**About this exercise:** Look through the records and copy each line with the string "Coat" in it.
>>
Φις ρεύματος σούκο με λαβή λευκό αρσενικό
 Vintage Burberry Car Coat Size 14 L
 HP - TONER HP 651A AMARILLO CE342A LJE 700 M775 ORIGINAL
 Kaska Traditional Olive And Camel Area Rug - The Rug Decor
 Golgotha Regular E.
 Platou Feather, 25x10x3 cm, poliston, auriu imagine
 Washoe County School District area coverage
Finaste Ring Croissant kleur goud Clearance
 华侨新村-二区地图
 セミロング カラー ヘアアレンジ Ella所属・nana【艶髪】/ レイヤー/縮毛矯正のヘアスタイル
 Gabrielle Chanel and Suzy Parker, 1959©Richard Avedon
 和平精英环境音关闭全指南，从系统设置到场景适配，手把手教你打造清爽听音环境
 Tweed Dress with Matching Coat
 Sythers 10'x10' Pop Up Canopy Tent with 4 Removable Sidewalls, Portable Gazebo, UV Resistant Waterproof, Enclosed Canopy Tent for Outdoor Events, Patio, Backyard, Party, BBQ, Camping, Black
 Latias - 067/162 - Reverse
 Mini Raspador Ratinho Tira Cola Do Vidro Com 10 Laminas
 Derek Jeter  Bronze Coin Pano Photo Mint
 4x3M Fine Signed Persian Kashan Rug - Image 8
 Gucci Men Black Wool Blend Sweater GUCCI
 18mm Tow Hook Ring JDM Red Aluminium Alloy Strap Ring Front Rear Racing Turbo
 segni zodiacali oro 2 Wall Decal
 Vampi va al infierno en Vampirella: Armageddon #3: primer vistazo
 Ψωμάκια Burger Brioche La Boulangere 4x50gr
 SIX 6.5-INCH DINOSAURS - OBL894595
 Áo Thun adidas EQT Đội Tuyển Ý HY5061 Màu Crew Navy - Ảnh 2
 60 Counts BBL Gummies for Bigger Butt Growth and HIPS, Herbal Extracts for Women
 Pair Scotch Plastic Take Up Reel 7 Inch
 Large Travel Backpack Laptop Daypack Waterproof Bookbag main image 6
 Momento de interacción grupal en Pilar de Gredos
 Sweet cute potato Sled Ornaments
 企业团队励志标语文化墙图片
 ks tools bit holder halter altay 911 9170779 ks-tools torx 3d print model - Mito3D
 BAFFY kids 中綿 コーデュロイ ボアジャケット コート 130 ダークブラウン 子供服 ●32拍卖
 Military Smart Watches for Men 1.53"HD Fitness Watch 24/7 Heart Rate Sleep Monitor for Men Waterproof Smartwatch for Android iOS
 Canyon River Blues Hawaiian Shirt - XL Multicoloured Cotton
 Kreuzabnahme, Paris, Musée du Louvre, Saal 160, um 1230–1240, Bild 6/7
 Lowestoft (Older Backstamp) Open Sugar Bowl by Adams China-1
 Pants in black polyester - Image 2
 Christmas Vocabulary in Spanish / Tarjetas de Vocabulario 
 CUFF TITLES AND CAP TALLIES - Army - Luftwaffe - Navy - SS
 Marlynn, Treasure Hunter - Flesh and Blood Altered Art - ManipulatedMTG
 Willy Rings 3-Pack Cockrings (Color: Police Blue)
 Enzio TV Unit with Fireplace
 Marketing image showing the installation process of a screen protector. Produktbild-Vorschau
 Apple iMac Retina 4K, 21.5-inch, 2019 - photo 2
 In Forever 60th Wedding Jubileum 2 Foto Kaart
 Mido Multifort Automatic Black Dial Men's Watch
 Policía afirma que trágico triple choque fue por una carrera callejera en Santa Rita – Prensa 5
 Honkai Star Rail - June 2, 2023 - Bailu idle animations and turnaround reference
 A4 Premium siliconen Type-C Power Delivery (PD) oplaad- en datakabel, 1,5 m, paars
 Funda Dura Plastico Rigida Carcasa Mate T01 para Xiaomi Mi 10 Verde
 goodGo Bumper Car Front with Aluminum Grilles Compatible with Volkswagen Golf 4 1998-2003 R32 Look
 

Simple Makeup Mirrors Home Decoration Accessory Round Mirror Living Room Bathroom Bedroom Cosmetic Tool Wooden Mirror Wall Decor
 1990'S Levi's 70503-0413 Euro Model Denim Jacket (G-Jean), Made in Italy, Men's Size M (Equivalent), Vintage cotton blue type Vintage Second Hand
<<
**Answer to the problem:**
 Vintage Burberry Car Coat Size 14 L
 Tweed Dress with Matching Coat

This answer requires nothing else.